**What you need to do:**
Output the lines below exactly, please, from the first line until the line with "Valentina hjemmesko til", counting both.

**Data for the task:**
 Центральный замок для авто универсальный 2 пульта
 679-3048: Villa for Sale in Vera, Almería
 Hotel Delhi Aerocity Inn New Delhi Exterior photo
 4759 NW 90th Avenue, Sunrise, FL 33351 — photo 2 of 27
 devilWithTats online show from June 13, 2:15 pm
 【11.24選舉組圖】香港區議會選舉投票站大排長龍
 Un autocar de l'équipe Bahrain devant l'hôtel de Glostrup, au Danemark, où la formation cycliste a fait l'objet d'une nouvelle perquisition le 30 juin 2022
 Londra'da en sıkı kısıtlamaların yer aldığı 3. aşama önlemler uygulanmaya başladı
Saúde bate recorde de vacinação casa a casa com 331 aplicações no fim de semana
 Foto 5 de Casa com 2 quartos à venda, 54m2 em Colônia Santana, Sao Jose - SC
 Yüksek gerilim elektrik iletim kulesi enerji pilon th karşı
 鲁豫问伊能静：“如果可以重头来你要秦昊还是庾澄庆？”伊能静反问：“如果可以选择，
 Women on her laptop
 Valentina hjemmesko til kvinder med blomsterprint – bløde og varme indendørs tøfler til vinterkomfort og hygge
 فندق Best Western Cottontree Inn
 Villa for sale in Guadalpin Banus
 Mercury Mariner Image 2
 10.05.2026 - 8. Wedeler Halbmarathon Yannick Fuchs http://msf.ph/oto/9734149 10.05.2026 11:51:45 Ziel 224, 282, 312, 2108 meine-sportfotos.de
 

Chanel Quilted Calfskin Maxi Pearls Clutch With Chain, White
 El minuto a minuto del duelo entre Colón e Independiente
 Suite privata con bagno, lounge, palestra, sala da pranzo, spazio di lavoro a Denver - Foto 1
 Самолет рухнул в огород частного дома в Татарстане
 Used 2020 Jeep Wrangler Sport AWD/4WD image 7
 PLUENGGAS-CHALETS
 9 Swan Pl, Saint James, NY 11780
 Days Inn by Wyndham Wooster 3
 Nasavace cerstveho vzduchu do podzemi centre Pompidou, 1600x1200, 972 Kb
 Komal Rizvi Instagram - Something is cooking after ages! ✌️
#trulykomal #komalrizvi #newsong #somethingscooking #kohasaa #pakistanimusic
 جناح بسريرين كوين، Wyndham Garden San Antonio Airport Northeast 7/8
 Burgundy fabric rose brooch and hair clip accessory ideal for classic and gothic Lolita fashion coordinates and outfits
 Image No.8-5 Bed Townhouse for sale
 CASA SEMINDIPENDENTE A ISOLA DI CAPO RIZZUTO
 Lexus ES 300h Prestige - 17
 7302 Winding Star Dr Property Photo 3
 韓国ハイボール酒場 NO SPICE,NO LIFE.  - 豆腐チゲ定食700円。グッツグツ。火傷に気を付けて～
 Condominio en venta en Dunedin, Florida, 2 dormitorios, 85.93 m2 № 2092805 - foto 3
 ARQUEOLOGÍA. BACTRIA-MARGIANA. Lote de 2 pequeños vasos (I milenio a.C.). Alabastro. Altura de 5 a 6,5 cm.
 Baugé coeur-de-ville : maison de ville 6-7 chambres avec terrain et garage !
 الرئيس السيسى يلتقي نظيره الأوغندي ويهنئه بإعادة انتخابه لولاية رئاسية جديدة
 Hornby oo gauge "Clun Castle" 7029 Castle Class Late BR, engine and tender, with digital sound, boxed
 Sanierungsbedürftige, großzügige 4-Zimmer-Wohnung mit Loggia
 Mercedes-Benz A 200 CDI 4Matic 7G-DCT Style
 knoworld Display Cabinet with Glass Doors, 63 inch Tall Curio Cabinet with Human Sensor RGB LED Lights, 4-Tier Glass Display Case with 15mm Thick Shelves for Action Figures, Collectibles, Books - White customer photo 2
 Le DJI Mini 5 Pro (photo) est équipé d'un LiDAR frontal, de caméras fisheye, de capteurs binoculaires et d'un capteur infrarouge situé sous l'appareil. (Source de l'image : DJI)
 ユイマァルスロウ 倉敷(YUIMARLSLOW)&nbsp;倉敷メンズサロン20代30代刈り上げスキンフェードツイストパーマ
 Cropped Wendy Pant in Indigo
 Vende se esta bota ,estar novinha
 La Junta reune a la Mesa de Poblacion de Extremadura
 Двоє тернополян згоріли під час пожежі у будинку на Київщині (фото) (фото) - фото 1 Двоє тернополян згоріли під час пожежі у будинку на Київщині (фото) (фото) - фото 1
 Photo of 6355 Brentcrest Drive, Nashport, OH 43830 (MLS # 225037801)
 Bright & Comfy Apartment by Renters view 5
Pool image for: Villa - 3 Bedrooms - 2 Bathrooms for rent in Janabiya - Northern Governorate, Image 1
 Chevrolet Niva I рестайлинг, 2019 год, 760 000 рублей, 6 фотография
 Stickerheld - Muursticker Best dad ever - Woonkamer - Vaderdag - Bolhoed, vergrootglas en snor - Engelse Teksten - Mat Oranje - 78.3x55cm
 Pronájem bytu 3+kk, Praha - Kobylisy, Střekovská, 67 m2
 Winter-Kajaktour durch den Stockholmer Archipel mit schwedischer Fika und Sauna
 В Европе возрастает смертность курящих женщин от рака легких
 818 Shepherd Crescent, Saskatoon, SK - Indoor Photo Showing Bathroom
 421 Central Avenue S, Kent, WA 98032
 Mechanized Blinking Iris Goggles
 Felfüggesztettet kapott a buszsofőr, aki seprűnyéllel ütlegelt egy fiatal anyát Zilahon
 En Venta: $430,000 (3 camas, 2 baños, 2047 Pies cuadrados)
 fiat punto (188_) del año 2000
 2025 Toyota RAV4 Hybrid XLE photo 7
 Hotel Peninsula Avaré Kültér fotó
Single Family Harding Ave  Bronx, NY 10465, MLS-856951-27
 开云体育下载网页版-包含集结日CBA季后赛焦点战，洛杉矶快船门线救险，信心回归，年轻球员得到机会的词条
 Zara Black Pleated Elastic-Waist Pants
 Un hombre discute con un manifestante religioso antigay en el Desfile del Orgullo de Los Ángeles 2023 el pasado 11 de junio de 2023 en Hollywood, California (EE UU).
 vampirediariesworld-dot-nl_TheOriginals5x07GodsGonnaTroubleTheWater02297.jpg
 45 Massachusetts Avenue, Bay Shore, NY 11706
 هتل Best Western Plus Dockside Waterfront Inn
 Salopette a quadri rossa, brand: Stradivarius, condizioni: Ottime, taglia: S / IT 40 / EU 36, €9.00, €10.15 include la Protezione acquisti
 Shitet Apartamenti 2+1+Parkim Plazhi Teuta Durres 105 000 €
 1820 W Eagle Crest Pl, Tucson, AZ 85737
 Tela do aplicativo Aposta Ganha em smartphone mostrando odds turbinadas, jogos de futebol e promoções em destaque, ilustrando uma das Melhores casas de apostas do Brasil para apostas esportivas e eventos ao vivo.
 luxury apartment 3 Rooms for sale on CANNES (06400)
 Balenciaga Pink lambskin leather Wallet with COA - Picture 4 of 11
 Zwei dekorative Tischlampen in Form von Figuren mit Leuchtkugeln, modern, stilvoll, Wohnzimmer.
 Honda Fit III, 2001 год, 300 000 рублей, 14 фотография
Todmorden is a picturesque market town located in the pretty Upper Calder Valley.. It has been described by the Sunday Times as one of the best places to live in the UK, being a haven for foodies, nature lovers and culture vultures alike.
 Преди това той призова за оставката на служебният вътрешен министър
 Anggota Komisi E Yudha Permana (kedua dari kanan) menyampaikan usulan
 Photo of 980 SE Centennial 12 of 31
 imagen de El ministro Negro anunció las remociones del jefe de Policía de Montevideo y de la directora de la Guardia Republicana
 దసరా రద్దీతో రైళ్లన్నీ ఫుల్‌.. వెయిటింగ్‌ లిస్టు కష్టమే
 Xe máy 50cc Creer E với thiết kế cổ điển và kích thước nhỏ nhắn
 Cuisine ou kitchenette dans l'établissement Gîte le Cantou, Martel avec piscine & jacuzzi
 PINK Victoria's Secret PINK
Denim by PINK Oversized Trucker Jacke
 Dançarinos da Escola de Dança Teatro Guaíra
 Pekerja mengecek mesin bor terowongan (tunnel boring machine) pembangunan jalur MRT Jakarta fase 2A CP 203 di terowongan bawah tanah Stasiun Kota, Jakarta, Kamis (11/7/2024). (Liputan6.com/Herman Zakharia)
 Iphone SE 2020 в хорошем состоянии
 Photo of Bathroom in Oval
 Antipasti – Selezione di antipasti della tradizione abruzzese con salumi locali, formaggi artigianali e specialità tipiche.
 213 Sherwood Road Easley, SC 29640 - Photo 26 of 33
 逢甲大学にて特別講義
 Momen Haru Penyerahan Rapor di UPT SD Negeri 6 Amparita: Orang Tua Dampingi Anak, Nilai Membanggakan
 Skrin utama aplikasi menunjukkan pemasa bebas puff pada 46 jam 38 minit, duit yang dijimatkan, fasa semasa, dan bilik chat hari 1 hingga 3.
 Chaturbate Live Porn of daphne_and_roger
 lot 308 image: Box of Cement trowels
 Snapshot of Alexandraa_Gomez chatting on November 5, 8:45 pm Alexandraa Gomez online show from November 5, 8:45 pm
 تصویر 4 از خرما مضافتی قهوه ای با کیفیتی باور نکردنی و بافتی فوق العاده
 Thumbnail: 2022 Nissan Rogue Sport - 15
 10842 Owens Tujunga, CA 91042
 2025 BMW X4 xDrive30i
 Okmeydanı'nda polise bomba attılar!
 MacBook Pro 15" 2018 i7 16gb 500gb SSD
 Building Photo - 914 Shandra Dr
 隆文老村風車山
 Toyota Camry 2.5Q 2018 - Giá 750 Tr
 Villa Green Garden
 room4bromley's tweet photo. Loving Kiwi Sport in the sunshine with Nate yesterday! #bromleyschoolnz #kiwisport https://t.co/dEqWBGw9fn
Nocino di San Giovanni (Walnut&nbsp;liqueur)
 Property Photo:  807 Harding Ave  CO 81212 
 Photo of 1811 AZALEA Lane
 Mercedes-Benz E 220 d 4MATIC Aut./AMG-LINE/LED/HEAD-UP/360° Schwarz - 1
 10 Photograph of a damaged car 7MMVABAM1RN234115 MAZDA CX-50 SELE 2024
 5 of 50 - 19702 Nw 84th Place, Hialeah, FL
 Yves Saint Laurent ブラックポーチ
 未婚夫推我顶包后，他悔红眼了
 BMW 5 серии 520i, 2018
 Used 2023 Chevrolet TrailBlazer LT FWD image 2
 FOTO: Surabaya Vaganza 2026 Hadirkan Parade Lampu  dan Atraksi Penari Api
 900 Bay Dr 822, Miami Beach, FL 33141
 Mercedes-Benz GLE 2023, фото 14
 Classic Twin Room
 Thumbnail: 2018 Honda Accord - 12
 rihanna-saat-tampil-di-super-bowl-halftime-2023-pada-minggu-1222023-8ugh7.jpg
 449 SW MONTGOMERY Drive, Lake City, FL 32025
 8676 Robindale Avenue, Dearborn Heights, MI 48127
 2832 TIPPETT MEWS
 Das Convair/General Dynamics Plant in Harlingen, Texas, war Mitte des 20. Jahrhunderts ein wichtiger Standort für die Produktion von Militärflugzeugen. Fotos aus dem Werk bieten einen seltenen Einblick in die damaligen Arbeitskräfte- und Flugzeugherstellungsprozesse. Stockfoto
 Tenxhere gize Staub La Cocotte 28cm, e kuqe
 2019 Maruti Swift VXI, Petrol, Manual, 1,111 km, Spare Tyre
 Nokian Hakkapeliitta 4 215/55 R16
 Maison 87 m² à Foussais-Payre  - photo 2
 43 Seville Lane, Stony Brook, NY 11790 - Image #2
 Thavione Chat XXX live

**Task result:**
 Центральный замок для авто универсальный 2 пульта
 679-3048: Villa for Sale in Vera, Almería
 Hotel Delhi Aerocity Inn New Delhi Exterior photo
 4759 NW 90th Avenue, Sunrise, FL 33351 — photo 2 of 27
 devilWithTats online show from June 13, 2:15 pm
 【11.24選舉組圖】香港區議會選舉投票站大排長龍
 Un autocar de l'équipe Bahrain devant l'hôtel de Glostrup, au Danemark, où la formation cycliste a fait l'objet d'une nouvelle perquisition le 30 juin 2022
 Londra'da en sıkı kısıtlamaların yer aldığı 3. aşama önlemler uygulanmaya başladı
Saúde bate recorde de vacinação casa a casa com 331 aplicações no fim de semana
 Foto 5 de Casa com 2 quartos à venda, 54m2 em Colônia Santana, Sao Jose - SC
 Yüksek gerilim elektrik iletim kulesi enerji pilon th karşı
 鲁豫问伊能静：“如果可以重头来你要秦昊还是庾澄庆？”伊能静反问：“如果可以选择，
 Women on her laptop
 Valentina hjemmesko til kvinder med blomsterprint – bløde og varme indendørs tøfler til vinterkomfort og hygge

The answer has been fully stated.